Are these friends false?
Should I cull my friend list?
When I scroll through these names why is it so hard to pick ones to delete?
I decide to keep them all. And appreciate them. Here is why… someone once told me that there are two types of insurance in the world… the one you buy to protect yourself AND the piece of mind that comes from being connected to a community. These people may not all come to my home for dinner and I might never know their life story but they can certainly reach out to me for help if they need it. And vice versa.
In a world where the human experience of community is ever-shifting I realize there is a place in my heart and a need in my life for my network of Facebook ‘friends’ that isn’t met offline.
What do you think about Facebook friends? And are the algorithms influencing our connections by determining who’s posts we see? Do you curate your contacts carefully or friend as many people as possible? Let’s tease through these questions in the comments!
Debate of the day! Do FB friends count as friends? Offer your two cents @ http://bit.ly/3HGcE3k
Is social media changing your definition of friendship? Chime in! #friendnotfriend #friendswitheveryone
Great blog!
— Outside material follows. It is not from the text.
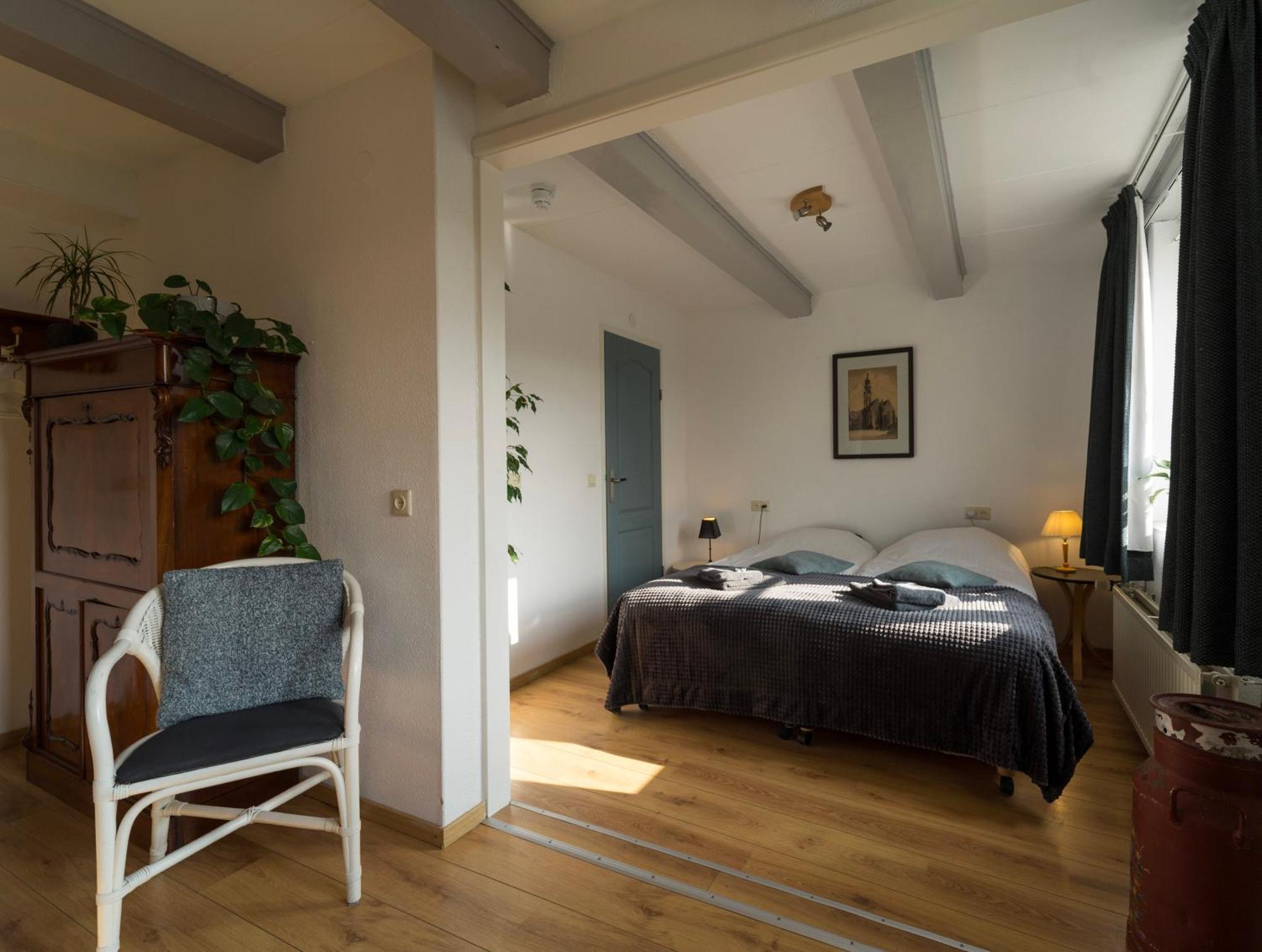De Kaepstander Bed & Breakfast Мидълбург Екстериор снимка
Congratulations to your daughter for her engagement! That’s so exciting! 🙂 I for one completely agree that the online “friends” aren’t quite what I’d consider “friends.” In my case, my Facebook friends are acquaintances, friends of the family (in other words, my parents’ friends), or super distant relatives that I only speak to when the birthday notification comes up! However, on other platforms, like Instagram, I pick a bit more carefully who I want to see my account – after all, I’m a lot more active on Instagram than on Facebook!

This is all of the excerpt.